Mine can't get enough of them, especially in their skins.  He likes dried bananas from the health food shop as well.
They are a good source of potassium.


----------



## devilwoman (19 November 2010)

I've no idea how good they are for them, one of mine will kill for them, the other won't touch them.


----------



## Toffee44 (19 November 2010)

Toffee says nom nom nom nom nom nom skins and all 

Samba says SNORT SNORT not touching that!!


----------



## Brambridge04 (19 November 2010)

REALLY THEY EAT THE SKINS?????

Wow, do you cut them up, ive never thought to try my mare on it......x


----------



## NicoleS_007 (19 November 2010)

I fed mine a banana once and he chewed it up and spat it all over the floor  messy lad!!! I took the skin off.


----------



## Bertthefrog (19 November 2010)

My mate's horse eats tangerines too - skins on!!


----------



## little_flea (19 November 2010)

Mine loves bananas. Not feeding the skin though.

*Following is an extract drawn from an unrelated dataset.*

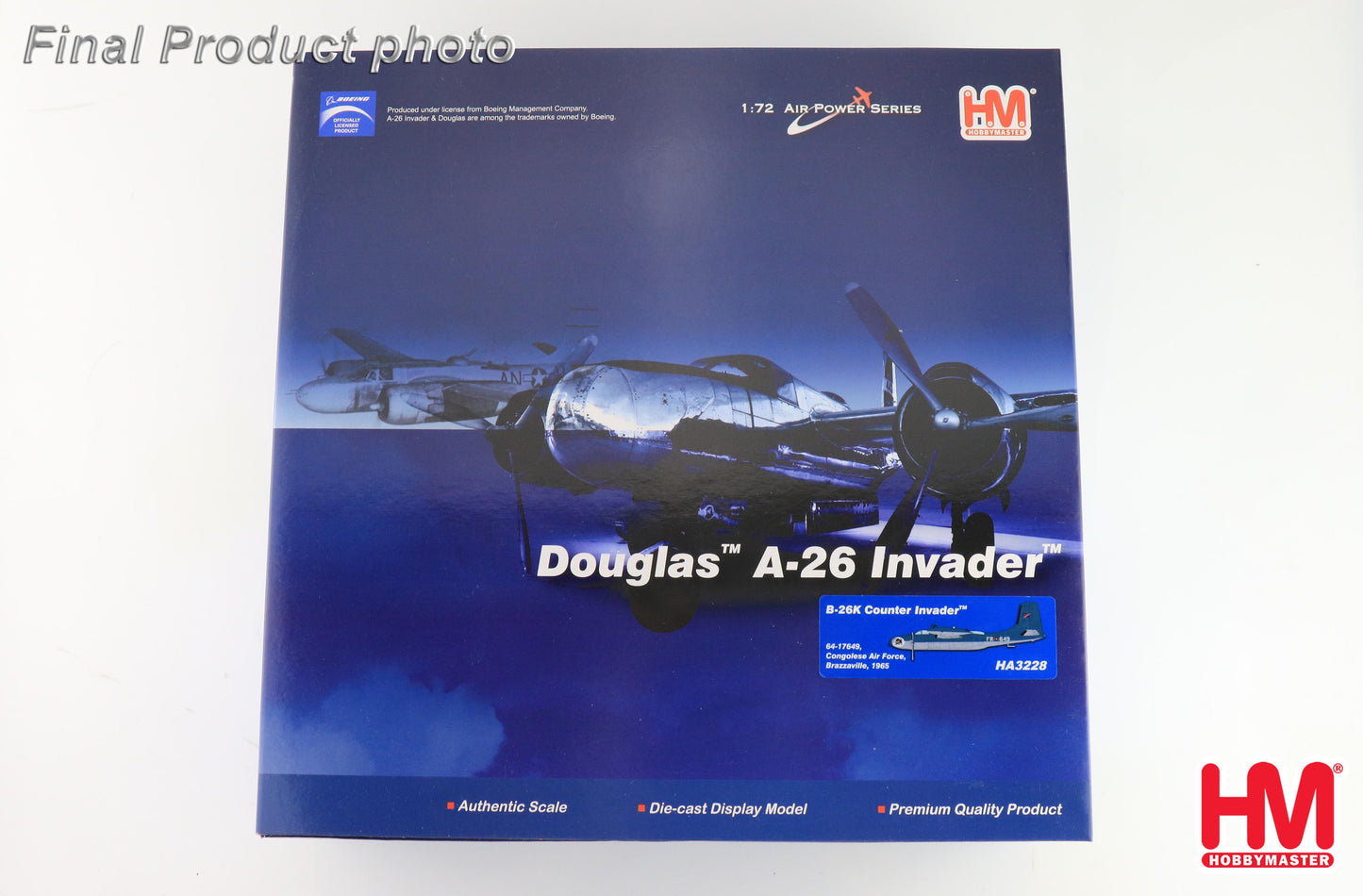 1/72Â B-26K Counter Invader 64-17649 Congolese Air Force Brazzaville 1965 (with 4 x LAU Rocket Launchers)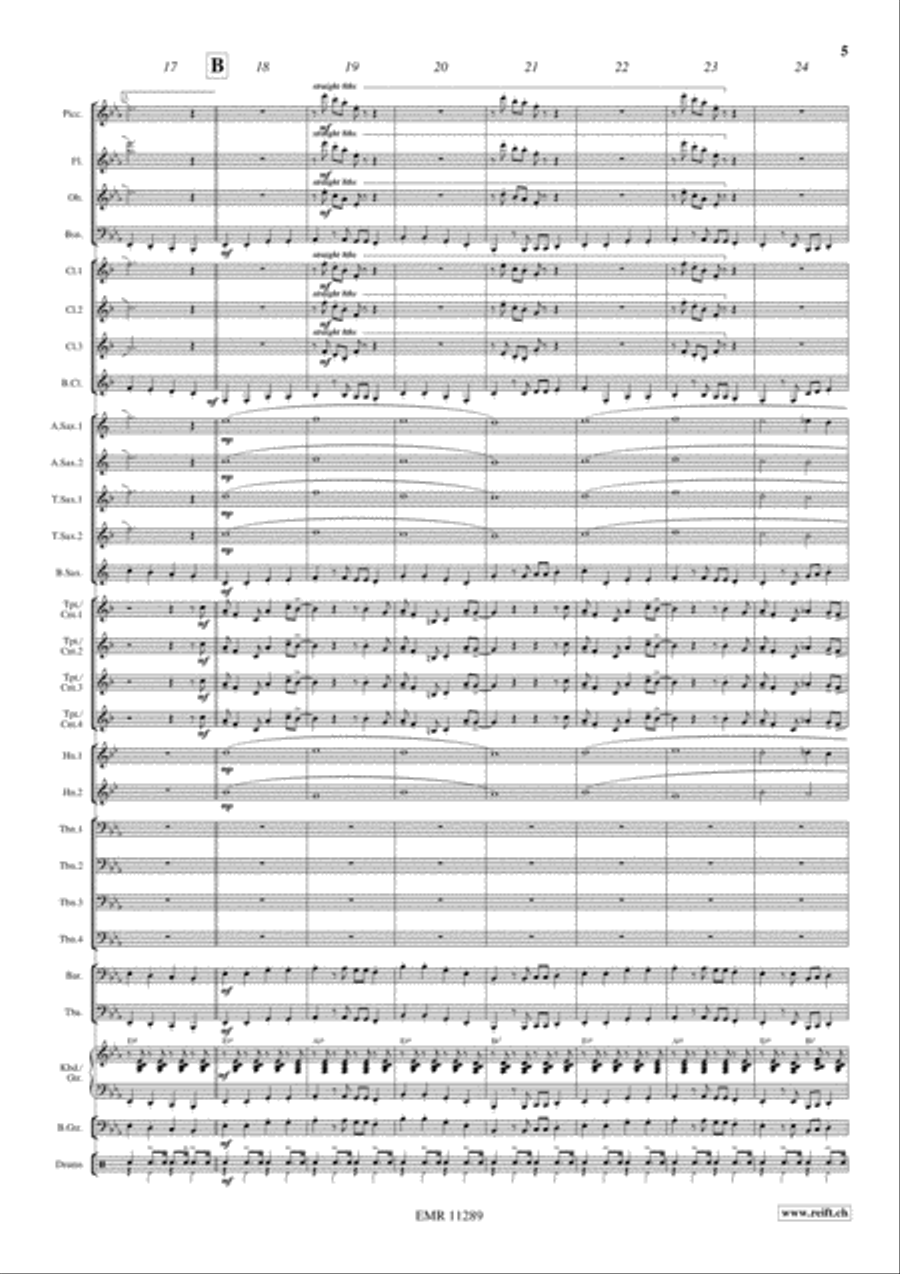 A Swinging Safari Concert Band scores gallery preview page 6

She loves all fruit though, she is more like a tapir that a horse.

I have actually had it recommended to feed a banana as an option to a calmer to stressy horses - bananas are high in magnesium, which is how a lot of horse calmers work. Can't quite see it working, especially considering the levels of sugar, but who knows?


----------



## Orangehorse (19 November 2010)

In arab countries they feed horses dates - they spit the stones out.


----------



## spotty_pony (19 November 2010)

Both of my boys love them! They are a really popular horse treat in Australia (as popular as feeding apples and carrots is in this country) I don't give them the skins though, although I don't think there is anything wrong with them eating the skins.


----------



## benson21 (19 November 2010)

Banana's, tangerines, pears, Benson loved them all!


----------



## NicoleS_007 (19 November 2010)

ORANGEHORSE said:



			In arab countries they feed horses dates - they spit the stones out.
		
Click to expand...

I fed mine a plum once not realising they had stones!! My friend kindly told me as i fed him it so i stuck my hand in his gob to get it out  If anyone had of seen they would have thought it was Jaws 3D haha


----------



## freckles22uk (19 November 2010)

Mine dont like them, but my friends stallion loves them..

they do like water melon though (the reds ones) give them a big slice of that... with the skins and watch the mess....lol


----------



## rebmw (19 November 2010)

Mine love love love them, yellow or black, both the banana and its skins. One of them even tried to pick out the chopped banana my OH had mixed into his bowl of cereal one morning!
Had to laugh at my horses face when he took a mouthful of orange peel, it's not something I expect him to ever try again.
Another wierd one is both of mine love onions. I grew some onions and had them drying out in my tackroom this summer. The horses would sneak in and eat the dried onion tops hanging down. So whenever I go and get an onion out to bring down to the house I let the boys munch on the tops. However one time, one of them ate the whole onion and didn't even pull a face and would gladly do it again if I let him. Strange pony.


----------



## dibbin (19 November 2010)

Mine loves them  my friend's elderly TB loved overripe ones because he could mush them up with his tongue (his teeth didn't do so well with apples and carrots).


----------



## jessandthegirls (19 November 2010)

little_flea said:



			Mine loves bananas. Not feeding the skin though. She loves all fruit though, she is more like a tapir that a horse.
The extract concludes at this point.